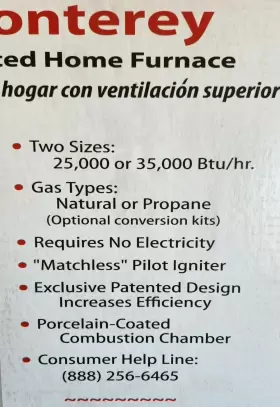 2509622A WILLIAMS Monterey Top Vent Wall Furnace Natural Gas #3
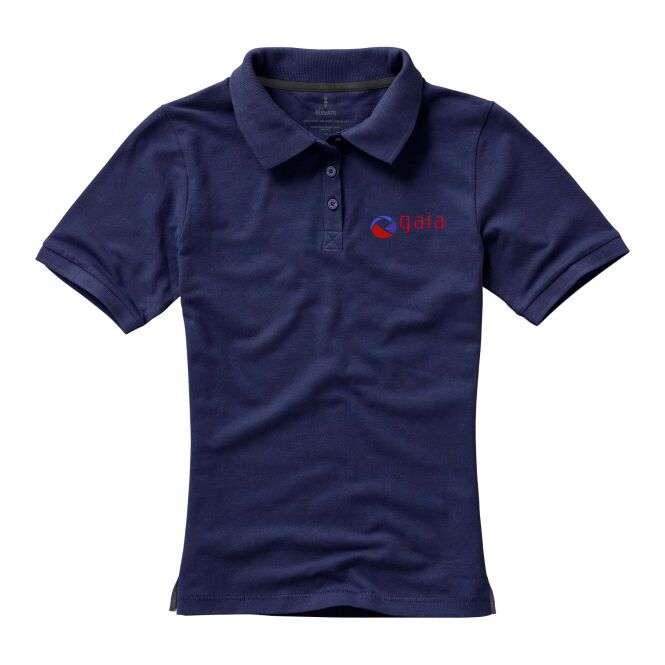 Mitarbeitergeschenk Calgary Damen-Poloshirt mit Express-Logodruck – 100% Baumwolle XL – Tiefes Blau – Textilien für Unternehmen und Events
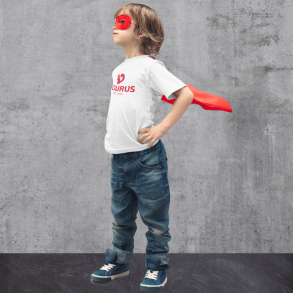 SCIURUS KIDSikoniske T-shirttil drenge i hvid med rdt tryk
##########
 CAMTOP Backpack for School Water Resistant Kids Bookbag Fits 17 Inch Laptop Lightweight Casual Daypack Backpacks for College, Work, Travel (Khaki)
##########
# What you will do
Find the line with "2509622A WILLIAMS Monterey" in the entries above. Set down exactly every line from it up to and including the line with "SCIURUS KIDSikoniske T-shirttil", images excluded.

# Solution
 2509622A WILLIAMS Monterey Top Vent Wall Furnace Natural Gas #3
 Mitarbeitergeschenk Calgary Damen-Poloshirt mit Express-Logodruck – 100% Baumwolle XL – Tiefes Blau – Textilien für Unternehmen und Events
 SCIURUS KIDSikoniske T-shirttil drenge i hvid med rdt tryk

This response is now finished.